**Dataset extract:**
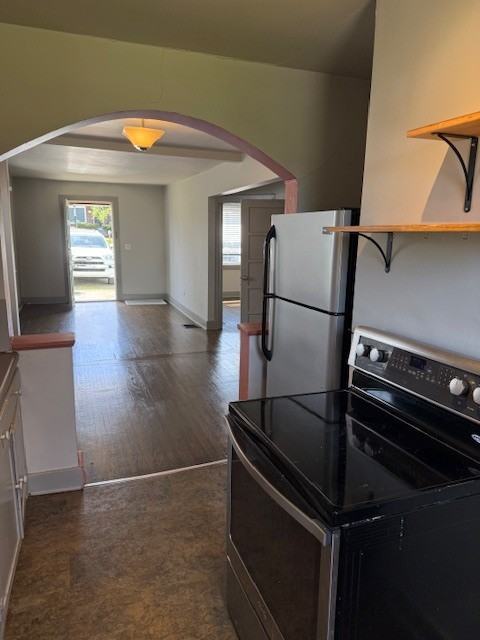 1009 Broadmoor Dr #B - Photo 5 of 9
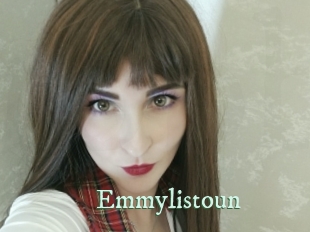 Emmylistoun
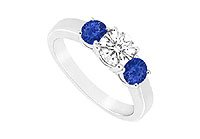 price Fine Jewelry Vault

**Exercise details:** Give the listing again in full, exactly as it is, but without its images.

**Written answer:**
 1009 Broadmoor Dr #B - Photo 5 of 9
 Emmylistoun
 price Fine Jewelry Vault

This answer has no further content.